US 12,093,830 B2
Continuous parametrizations of neural network layer weights
Shahram Izadi, Tiburon, CA (US); and Cem Keskin, San Francisco, CA (US)
Assigned to Google LLC, Mountain View, CA (US)
Appl. No. 16/976,805
Filed by Google LLC, Mountain View, CA (US)
PCT Filed Jul. 23, 2019, PCT No. PCT/US2019/042989
§ 371(c)(1), (2) Date Aug. 31, 2020,
PCT Pub. No. WO2020/023483, PCT Pub. Date Jan. 30, 2020.
Claims priority of provisional application 62/702,055, filed on Jul. 23, 2018.
Prior Publication US 2021/0365777 A1, Nov. 25, 2021
Int. Cl.
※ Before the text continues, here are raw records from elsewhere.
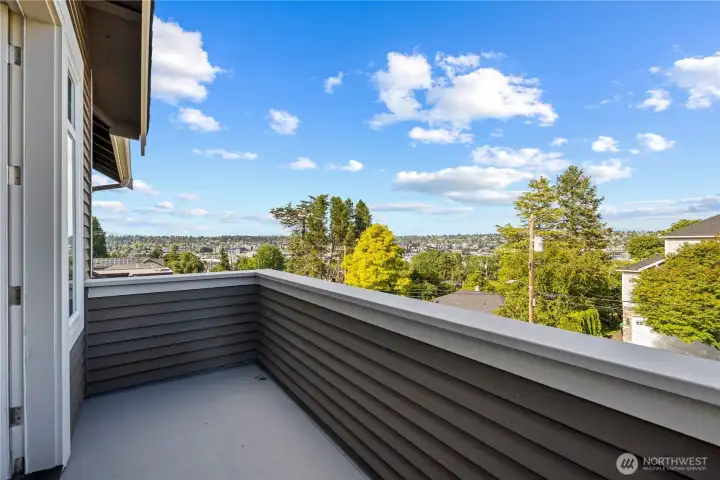 The private balcony off the primary suite creates a serene retreat rarely found in a bedroom. Wake up to fresh views in the morning and unwind with beautiful sunsets at the end of the day.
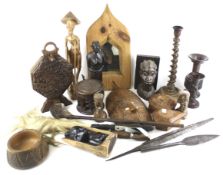 A collection of carved tribal and cultural items. Including boxes, figures, a framed mirror, etc.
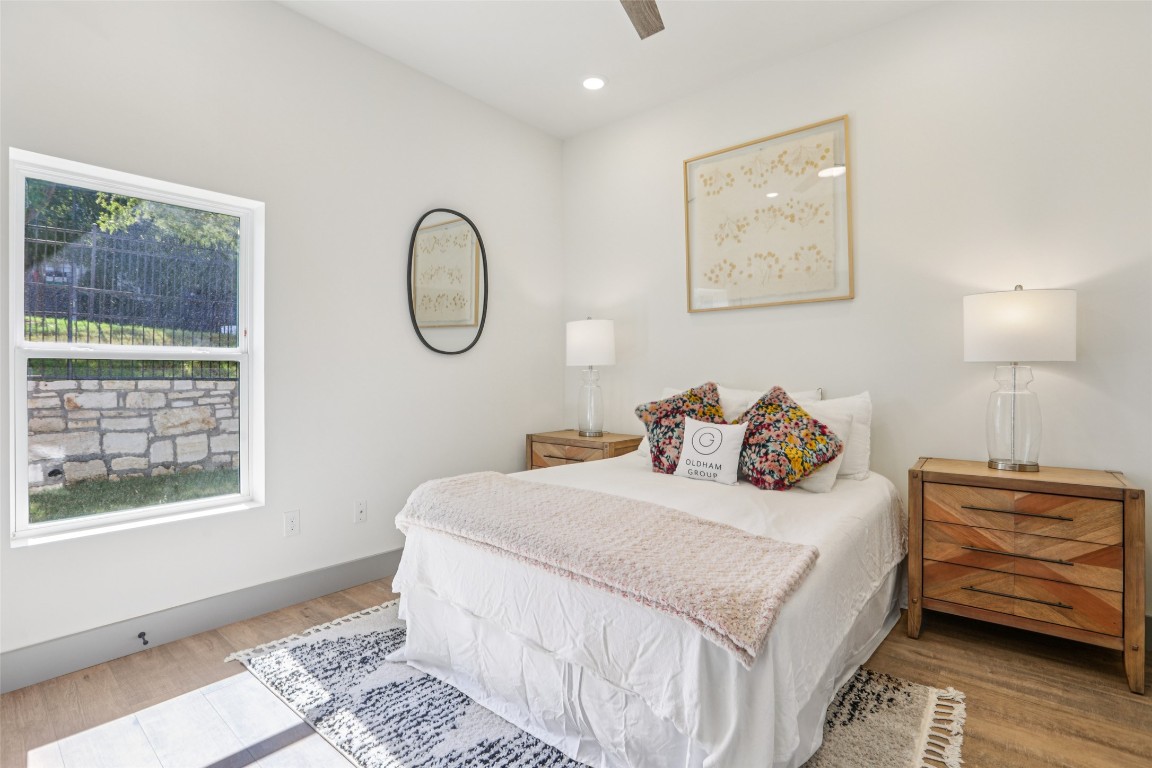 2450 Wickersham Lane, Unit 2023 Austin, TX 78741 - Photo 15 of 27 Bedroom featuring wood finished floors, ceiling fan, and recessed lighting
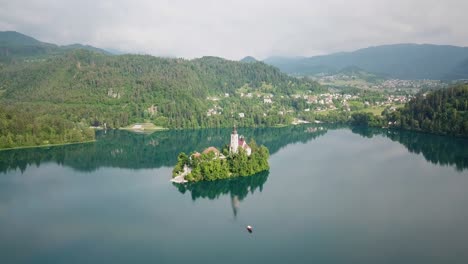 Aerial-view-pulling-away-from-the-Assumption-of-Maria-Church-in-the-middle-of-Slovenia's-Lake-Bled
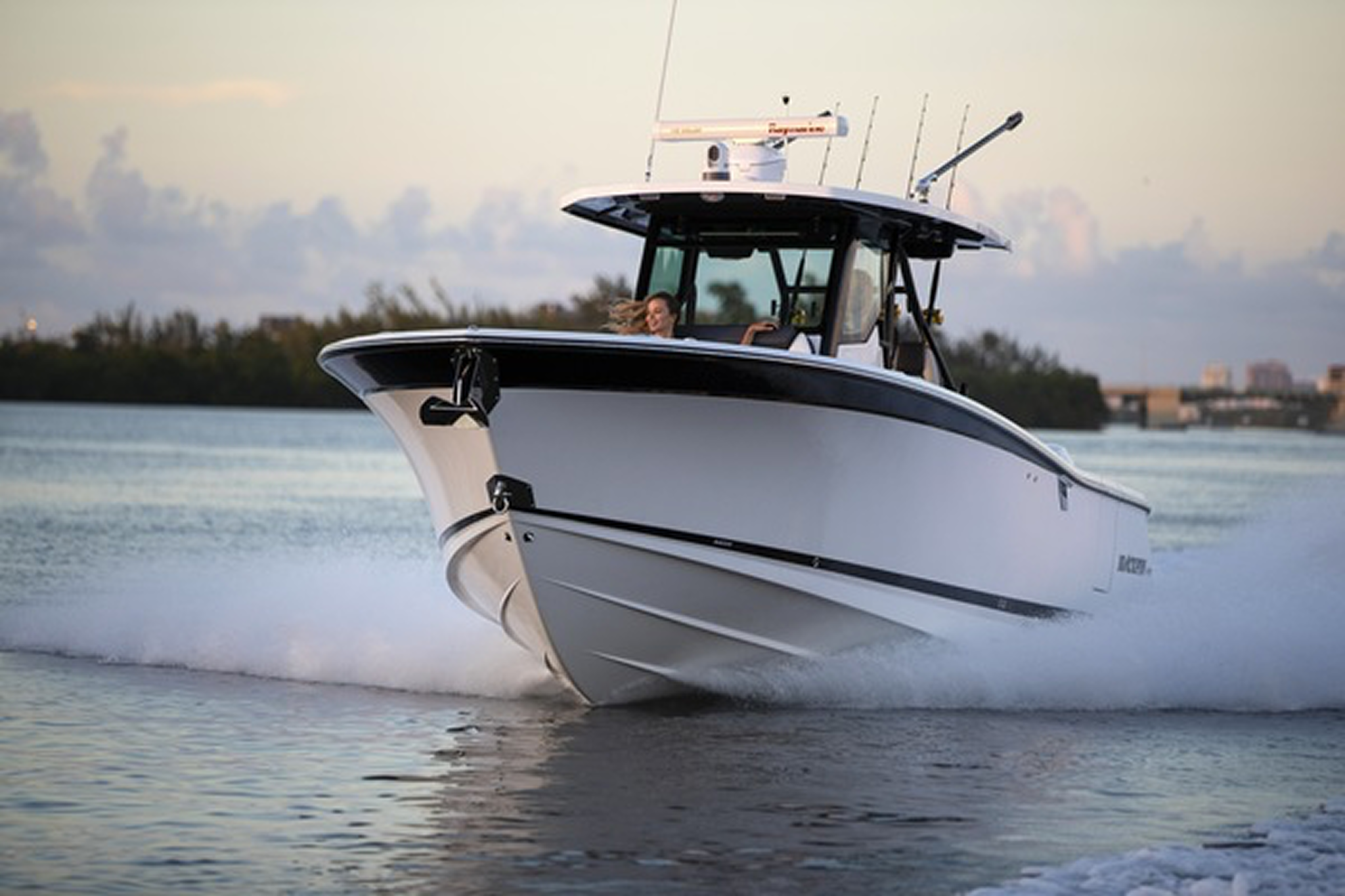 Front angle of the Blackfin 332CC on plane, highlighting bow flare and hardtop structure.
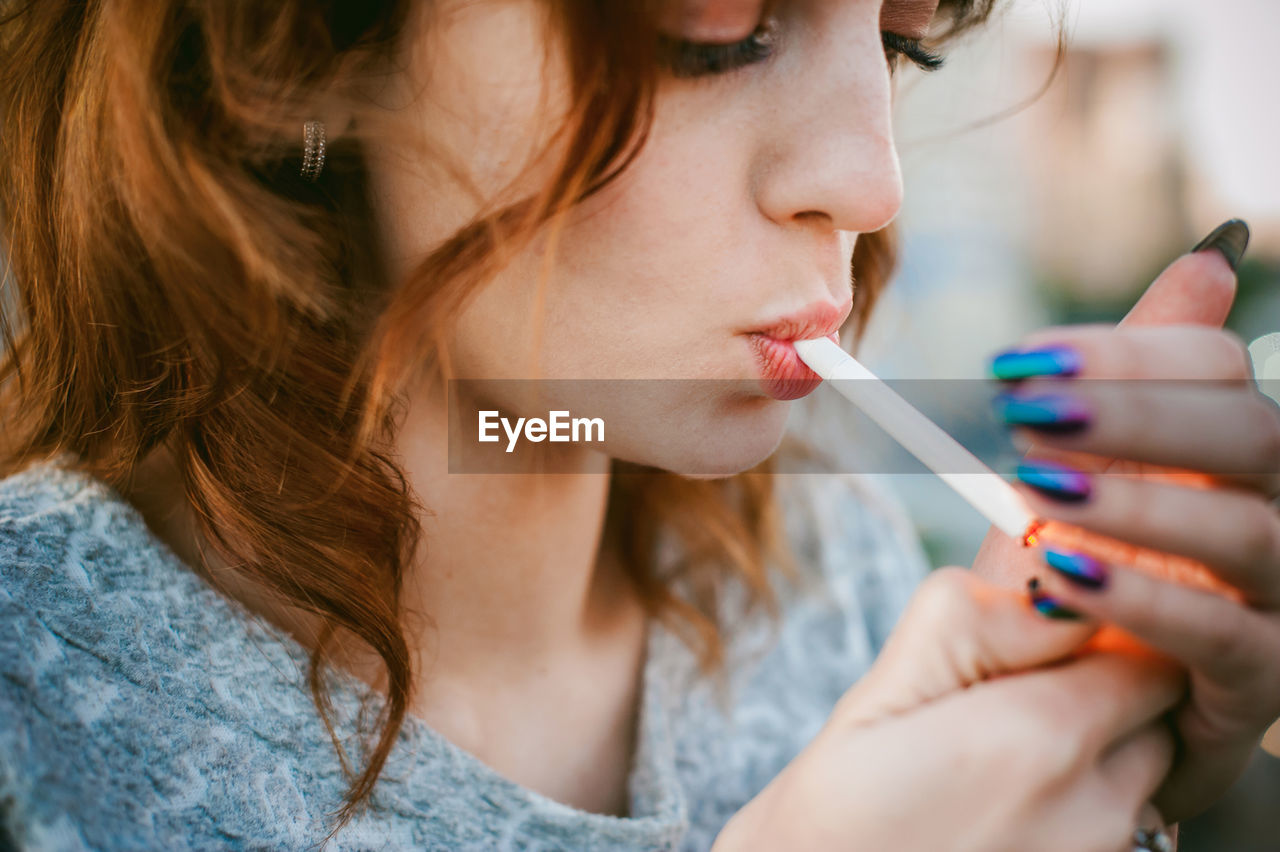 Close-up of beautiful woman smoking cigarette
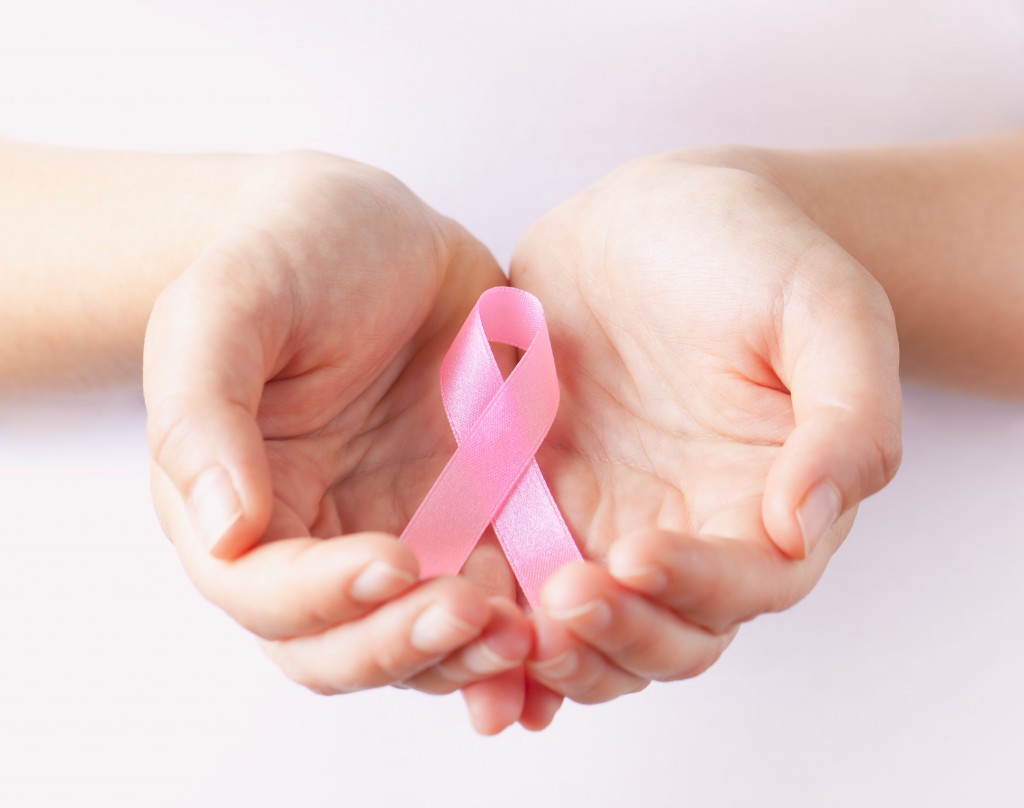 holding pink breast cancer awareness ribbon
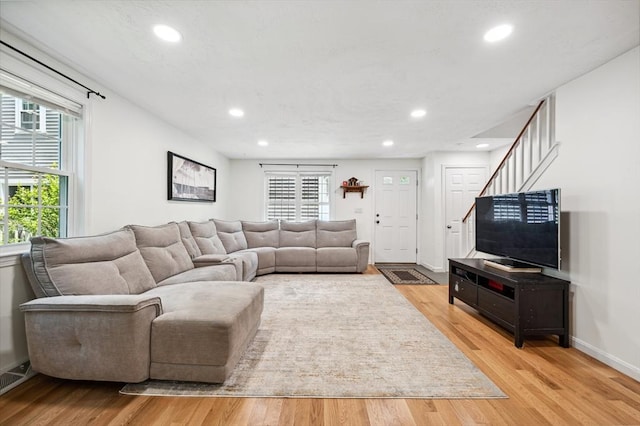 523 Washington St Unit A9, Pembroke, MA 02359 - living area featuring recessed lighting, light wood-style flooring, and stairway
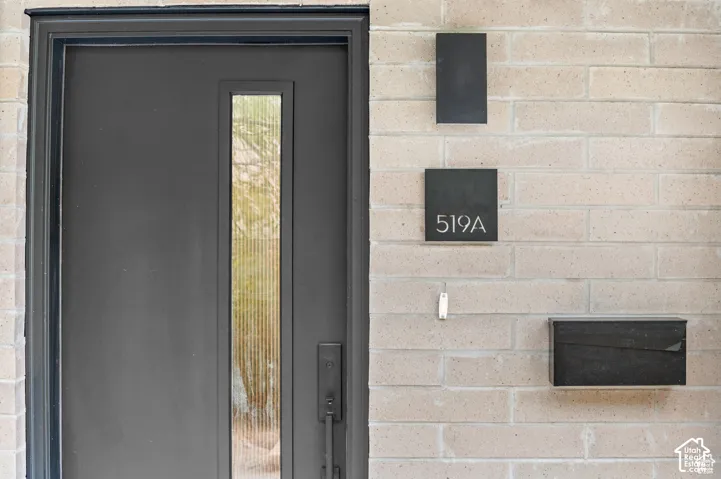 Entryway featuring a charcoal-toned door with a vertical ribbed glass panel, matte black hardware, structured exterior sconce, contemporary address plaque, and a matching wall-mounted mailbox set against a light-toned brick facade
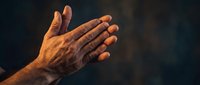Elderly hands pressed together in prayer or meditation gesture against dark background with warm golden lighting creating spiritual atmosphere.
G06N 3/084 (2023.01); G06F 18/213 (2023.01); G06N 3/048 (2023.01); G06N 3/08 (2023.01)
CPC G06N 3/084 (2013.01) [G06F 18/213 (2023.01); G06N 3/048 (2023.01); G06N 3/08 (2013.01)] 20 Claims
OG exemplary drawing
 
1. A method implemented by one or more computers, the method comprising:
processing a network input using a neural network comprising a plurality of neural network layers to generate a network output, wherein each neural network layer is configured to process a respective layer input in accordance with respective values of a plurality of layer weights to generate a respective layer output, wherein one or more of the neural network layers is a conditional neural network layer, and wherein processing a layer input using a conditional neural network layer to generate a layer output comprises:
obtaining values of one or more decision parameters of the conditional neural network layer;
processing (i) the layer input, and (ii) the decision parameters of the conditional neural network layer, to determine values of one or more latent parameters of the conditional neural network layer from a continuous set of possible latent parameter values, wherein the one or more latent parameters of the conditional neural network layer parameterize a respective value of each of a plurality of layer weights of the conditional neural network layer as a B-spline or as a hyper-surface defined as a sum of B-splines;
determining the respective value of each of the plurality of layer weights of the conditional neural network layer from the values of the latent parameters of the conditional neural network layer; and
processing the layer input in accordance with the values of the plurality of layer weights of the conditional neural network layer, determined in accordance with the parametrization of the plurality of layer weights of the conditional neural network layer as the B-spline or the hyper-surface defined as the sum of B-splines, to generate the layer output;
wherein each B-spline is defined by a plurality of knots, and wherein the plurality of knots of each B-spline have been trained jointly with the decision parameters of the conditional neural network layer to optimize an objective function that measures a performance of the neural network on a machine learning task.